The new route steers trucks away from the Walter Strawn Drive railroad crossing, where semitrailers crashed the gates 47 times in 2013. The location also is a spot where funeral processions have been disrupted by semitrailers.
Increasing truck traffic near the Joliet and Elwood intermodals on Centerpoint Properties, coupled with the crossing’s close proximity to the national cemetery’s main access point at Hoff Road off Route 53, has caused problems for funeral goers for years, he said.
Before the new restrictions, which were put in place May 26, Young said he often would hear of mourners frequently showing up too late, or not at all, for the burials of their relatives and friends after being cut off by an 18-wheeler.
“Because of the amount of truck traffic and the funeral processions coming down 53, we have trucks cut them off. Are they aware it’s a funeral procession? I don’t know. Do they know they’re disrupting? I don’t know. But people do complain about it, no question,” he said.
For years, trucks have often used Route 53 and Walter Strawn Drive as a shortcut to reach Joliet’s Union Pacific Intermodal, but that’s no longer an option with the village’s new prohibition of certain turns.
Village officials say the restrictions were put in place amid public safety concerns at the crossing.
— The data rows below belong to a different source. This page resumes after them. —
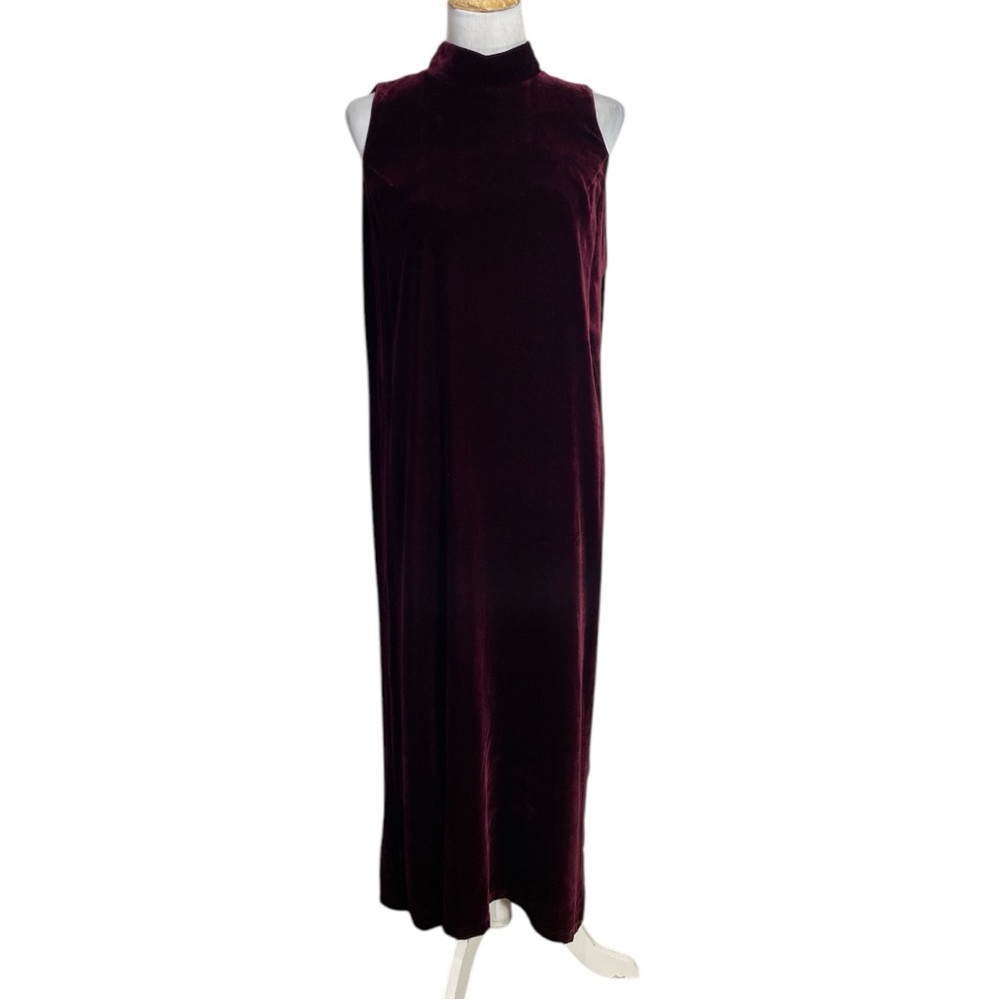 Lafayette 148 New York Burgundy Velvet Sleeveless Mock Neck Maxi Dress Size P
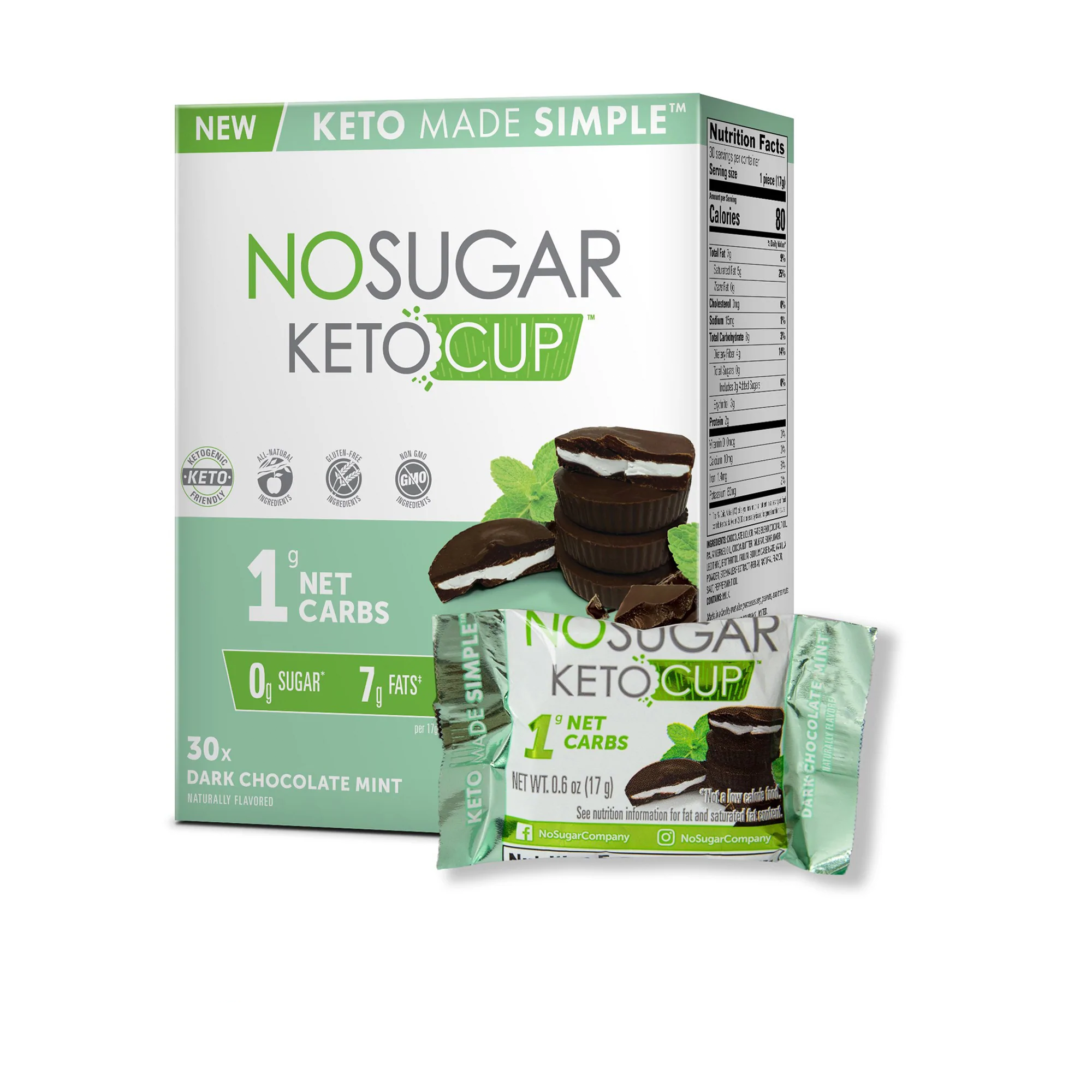 No Sugar Keto Cup Dark Chocolate Mint - 30 Cups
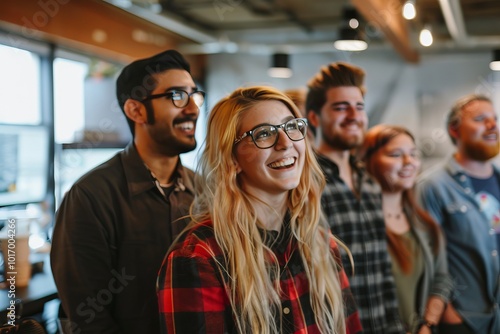 Group of young business people in a meeting in a coffee shop.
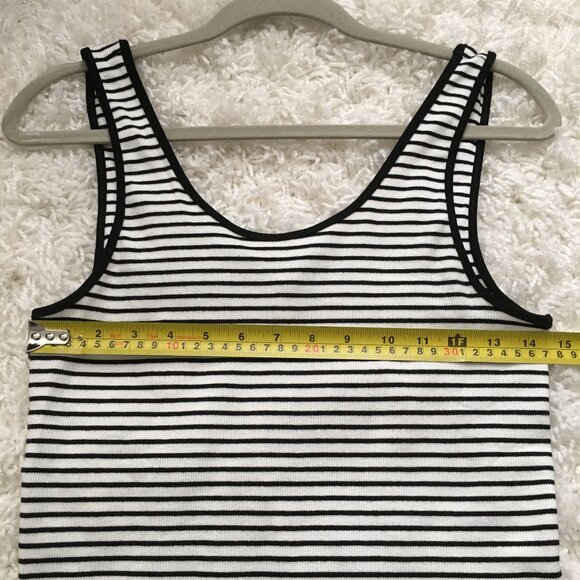 European H&M Black and White Striped Ribbed Tank Top - Picture 5 of 13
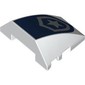 Wedge Curved 4 x 3 No Studs with Silver Police Badge on Dark Blue Background print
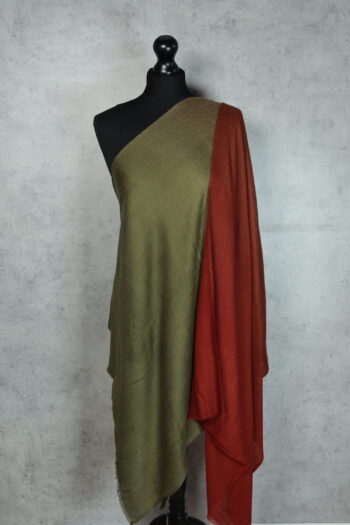 Ombre Mist Stole in Olive & Brick, crafted in Kashmir with 85% wool and 15% silk, offering versatile all-season layering and stylish elegance.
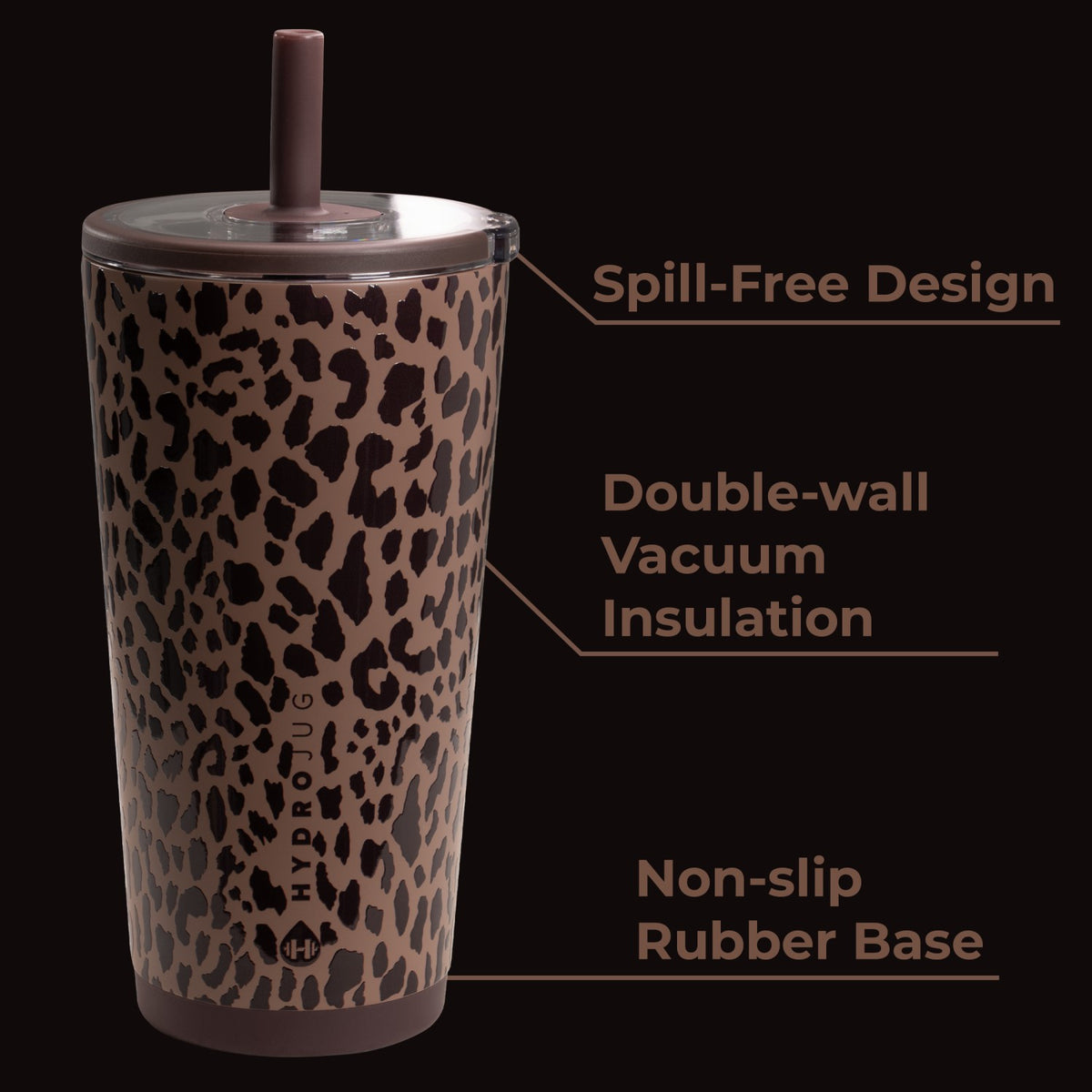 HYDROJUG HydroJug Everyday Tumbler 20oz - Ceramic-Lined Insulated Tumbler with Straw – Brown Leopard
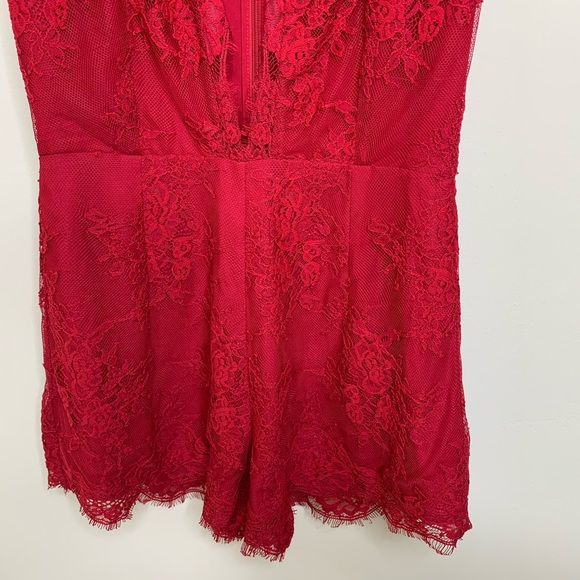 NBD Red Lace Romper sz XS - Picture 4 of 7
In some cases, trucks waiting for funeral processions were stuck on the tracks and drove through the gates to avoid trains.
The situation is unique given that the veterans cemetery sees anywhere from 15 to 25 processions each day, with Mondays and Fridays being peak periods.
Despite Young’s support, the reroute has been denounced by several business groups and trucking associations who say truckers now have to travel miles out of the way to reach their destination.
Young sent a letter to the village last week in support of the recent traffic reroute, noting “the chaos and disrespect shown previously by the trucks have decreased substantially in a short time.”
“While I get it from the economic standpoint, it can be tough trying to explain it to the grieving family members,” he said.
A traffic count will be conducted this week by the Chicago-based engineering firm, Baxter & Woodman, said Max Bosso, director of engineering and public works in Elwood. The change in traffic flow is expected to reduce the number of vehicles along Walter Strawn by 1,000 to 2,000 a day.